My first car was a '70 Grand Prix Model J. Not the same level of "boat" as most of the above, but the nose was engineered to be 1/2" longer than the LTD in 1969. It had a 400 4-barrel with the same specs as the non-Ram Air GTO. Turbo 400 and 2.93 gears, 4000 lbs. on the grain elevator's scale. It had lost at least a few pounds to rust by the time I got it. It ran a best of 15.7 at 91 mph with open headers. It might have been quicker stock with those gears, but I had put in a bigger cam as part of an overhaul before the first dragstrip run.

Granted, I didn't grow up in a street racing hotbed, but I can only remember losing one race--and that was after the guy let out his 200-lb passenger and we ran again. It surprised a kid with a 302 Camaro and a '65 Corvette, among others. A few years after I got rid of the car (left turn in front of a drunk driver), I saw one running tens at a dragstrip near Albany, NY. The owner had a fiberglass hood custom made. I can tell you that moving the stock hood was not a one-man job.

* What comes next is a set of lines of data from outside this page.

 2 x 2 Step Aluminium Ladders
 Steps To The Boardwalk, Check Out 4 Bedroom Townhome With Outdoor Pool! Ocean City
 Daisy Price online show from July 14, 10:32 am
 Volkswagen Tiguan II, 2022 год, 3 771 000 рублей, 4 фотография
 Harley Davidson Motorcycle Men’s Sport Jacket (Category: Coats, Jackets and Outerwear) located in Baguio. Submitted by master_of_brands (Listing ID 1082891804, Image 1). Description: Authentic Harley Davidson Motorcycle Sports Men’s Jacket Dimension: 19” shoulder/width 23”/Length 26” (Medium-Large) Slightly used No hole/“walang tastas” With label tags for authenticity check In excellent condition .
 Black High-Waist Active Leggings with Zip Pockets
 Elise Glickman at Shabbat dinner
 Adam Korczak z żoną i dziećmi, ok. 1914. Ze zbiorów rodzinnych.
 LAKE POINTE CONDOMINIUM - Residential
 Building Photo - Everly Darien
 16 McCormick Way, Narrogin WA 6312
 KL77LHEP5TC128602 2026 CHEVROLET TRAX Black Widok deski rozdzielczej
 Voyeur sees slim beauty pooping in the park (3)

I have driven faster and more responsive vehicles since then, but there was nothing like the feel of that big nose lifting up and the sound of the Q-jet bawling.
 
I drove that same model J the first night I had my license! as much as that car weighed in, it still would scoot! And with a set of 22" glasspacks on duals, it had a sound I still remember fondly today! With that nose and the 4 smaller headlights, to me it was the best looking of all the big GP's.
 
My Dad had a 78 Chevrolet Caprice wagon.

It had just about everything I can't stand in cars rolled into one:
1. It was heavy. I like light cars.
2. It didn't handle worth a [censored] or really at all. But better than a Ford E-350 Econoline van of the time.
3. it rode like a sofa ('good ride"), which I could care less about.
4. It had an automatic, and a [censored] one at that.
5. It was incredibly unreliable.
6. It was slow and unresponsive.
7. It got mediocre gas mileage, before you factor in mediocre performance.
8. they were obviously drunk when it was assembled, as little lined up.
9. It rusted before the warranty was done in one year.
10. It was really ugly with faux wood panelling, rust, and misaligned parts.

I'm just getting ill thinking about it now!
 
Originally Posted By: ffracer
My Dad had a 78 Chevrolet Caprice wagon.

It had just about everything I can't stand in cars rolled into one:
1. It was heavy. I like light cars.
2. It didn't handle worth a [censored] or really at all. But better than a Ford E-350 Econoline van of the time.
3. it rode like a sofa ('good ride"), which I could care less about.
4. It had an automatic, and a [censored] one at that.
5. It was incredibly unreliable.
6. It was slow and unresponsive.
7. It got mediocre gas mileage, before you factor in mediocre performance.
8. they were obviously drunk when it was assembled, as little lined up.
9. It rusted before the warranty was done in one year.
10. It was really ugly with faux wood panelling, rust, and misaligned parts.

I'm just getting ill thinking about it now!


These were the dark ages of American cars. GM was the worst. It wasn't unusual to open the front doors and count 7 (!!!!) shims stuffed under the rear fender bolt on these cars in an attempt to get body panels to line up.